Thursday, March 17, 2011

Japan and the bugaboo of nuclear waste management

Poor Japan. Surely suffering a 9.0 earthquake and a devastating tsunami is disaster enough for one country to bear. At least 5,000 people are dead, and hundreds of thousands more are displaced. The scope and scale of the natural disaster is overwhelming. Yet, these twin natural disasters are rapidly being overshadowed (at least in the news coverage targeting those of us half a world away) by the unfolding nuclear disaster. (prior post)
A meltdown that was supposed to be “incredible” is happening before our eyes in prime time. A series of explosions and fires have created an industrial emergency of the first order. Units 1, 2 and 3 are in partial meltdown, while the spent fuel rods stored at Unit 4 exposed to the environment and releasing radiation. Worst of all, Unit 3 may be releasing MOX (mixed oxides). Radioactive cesium and iodine have been detected outside the Fukushima Daiichi The best case scenario at this point would be if authorities manage to pump, spray or airdrop enough seawater to cool the fuel rods, easing the crisis. In that case, the radioactivity released by this disaster would be limited to the unknown quantity already spewed into the air by explosions or controlled venting.
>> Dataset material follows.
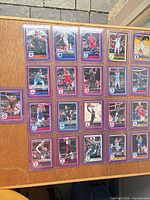 Front view of 21 sleeved purple-border cards displayed on tabletop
Yet, that best-case scenario is still pretty grim. The long-term effects of the radiation that has already been released are unclear. So far prevailing winds are directing the radiation plume toward the open ocean. That is surely good news for Tokyo’s 34 million inhabitants. But, the fact that no major human population centers are being directly affected (right now) does not mean that the radiation has gone “away.” There is no such place as “away.” The radiation is instead going into the sea where it will be yet another factor impacting an already stressed ocean ecosystem. We don’t know much about the risks to oceans and fisheries from radioactive fallout, or for that matter from more routine nuclear waste disposal.
Radioactivity will surely enter the ocean food chain, with unclear results. Indeed, Ireland and the UK have been locked in a bitter, decades-long legal struggle over the environmental effects of MOX contamination in ocean waters. Researchers have documented decreased wildlifepopulations and diversity, as well as increased animal deformities around Chernobyl. (the Fukushima Daiichi situation has not released anywhere near the radiation of Chernobyl, but it is not over yet.)
Shockingly, the environmental consequences associated with this kind of disaster were completely disregarded when regulators assessed the risks and benefits of nuclear power. Indeed, the key architect of the United States fuel cycle rule considered potential environmental effects to be a “bugaboo” based on unjustified fears. Based on his testimony, United States regulators dismissed negative environmental effects associated with radioactive releases from stored spent fuel rods as incredible. That decision, which focused on the Vermont Yankee nuclear facility approved the kind of boiling water reactor with above-ground spent rod storage used at the Fukushima Daiichi facility. So, even though the vulnerability of this kind of nuclear plant has been clear for decades, there are at least 32 such facilities continuing to operate around the world.